TASK DESCRIPTION
In the data below, begin at the line with "Skin Tint Long-Wear & Care" and stop after the line with "416 Fleming St, Key"; output those lines exactly and no pictures.

Captioned web image data:
****

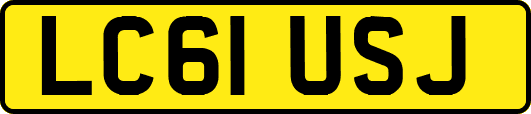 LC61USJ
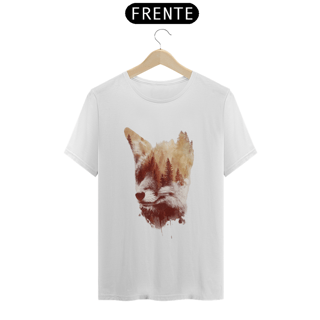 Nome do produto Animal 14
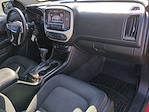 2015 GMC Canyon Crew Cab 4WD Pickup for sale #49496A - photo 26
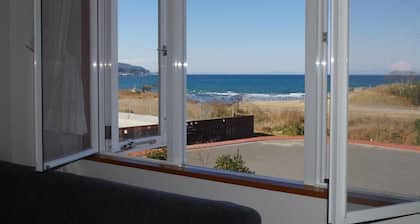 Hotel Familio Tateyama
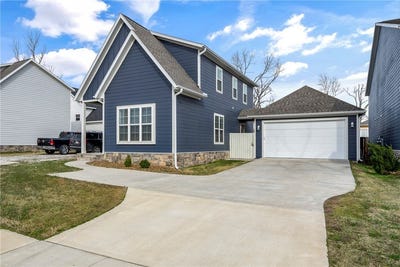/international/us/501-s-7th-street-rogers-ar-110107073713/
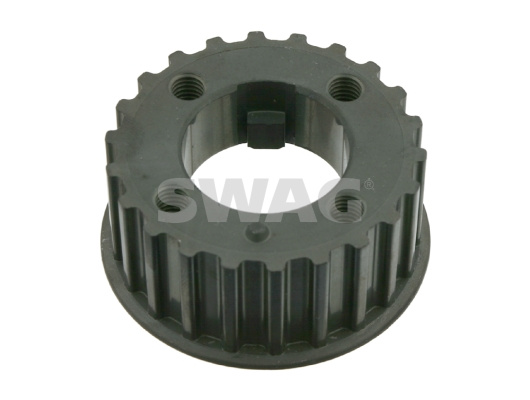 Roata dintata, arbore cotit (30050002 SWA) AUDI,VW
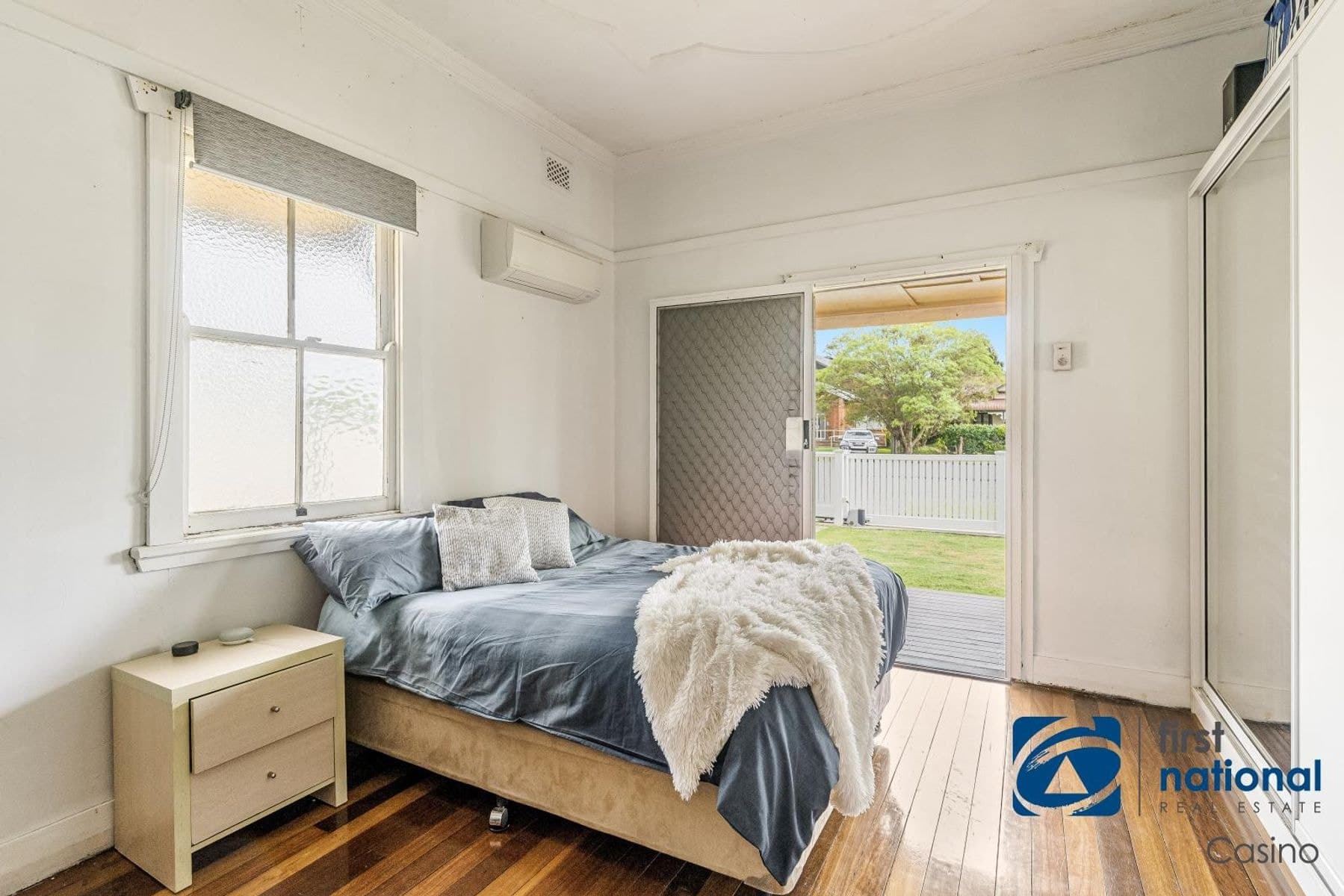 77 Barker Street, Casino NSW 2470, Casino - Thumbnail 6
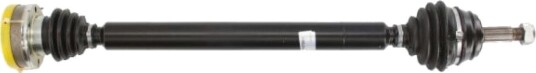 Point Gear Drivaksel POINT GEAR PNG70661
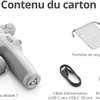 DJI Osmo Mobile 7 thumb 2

****

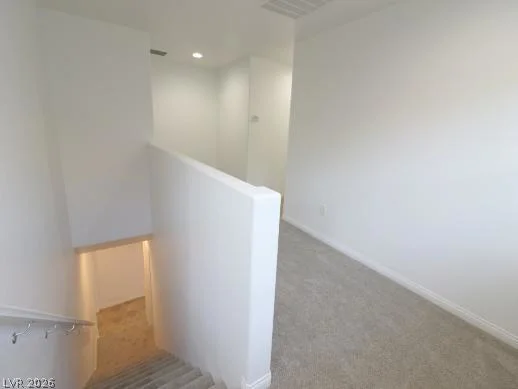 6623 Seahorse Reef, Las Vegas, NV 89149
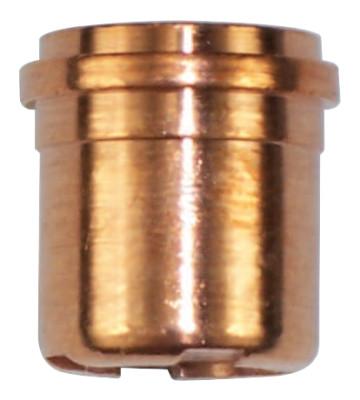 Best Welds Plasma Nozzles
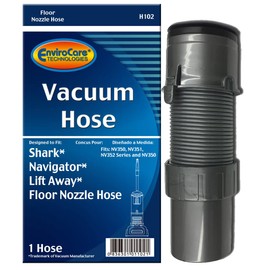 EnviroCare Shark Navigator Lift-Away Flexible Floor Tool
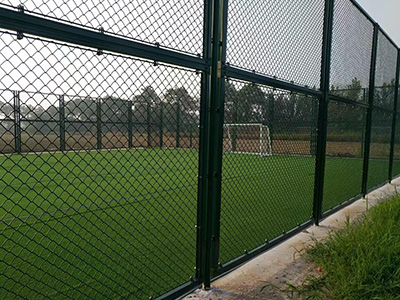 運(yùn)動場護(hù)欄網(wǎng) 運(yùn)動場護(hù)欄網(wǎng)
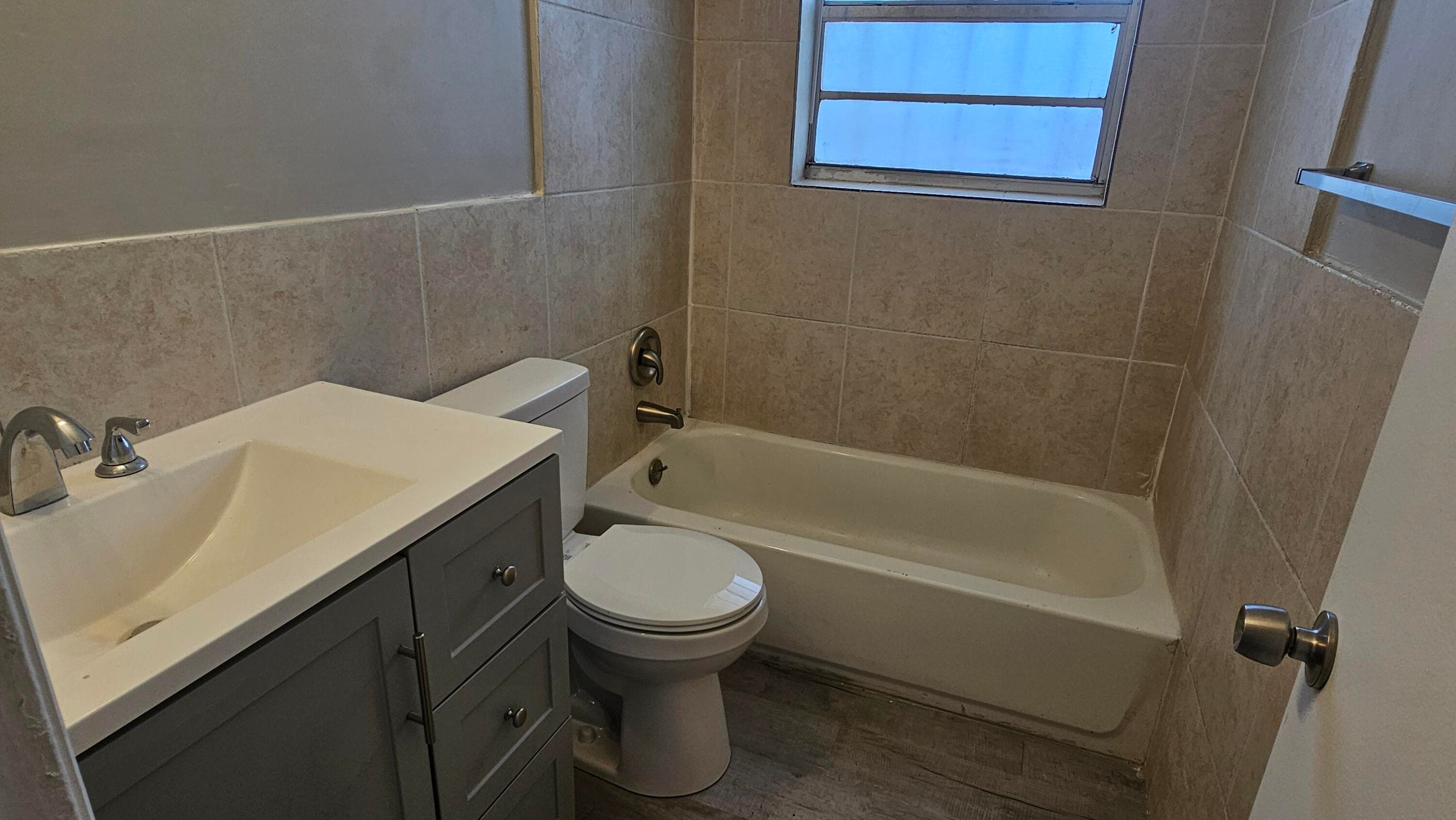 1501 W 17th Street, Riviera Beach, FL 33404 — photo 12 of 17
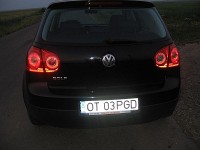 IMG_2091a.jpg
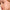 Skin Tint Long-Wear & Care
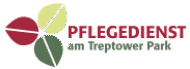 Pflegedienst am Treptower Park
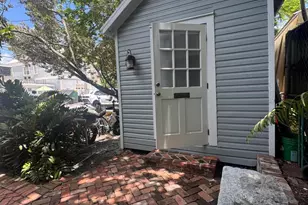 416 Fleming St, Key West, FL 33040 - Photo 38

****

FINISHED TASK
 Skin Tint Long-Wear & Care
 Pflegedienst am Treptower Park
 416 Fleming St, Key West, FL 33040 - Photo 38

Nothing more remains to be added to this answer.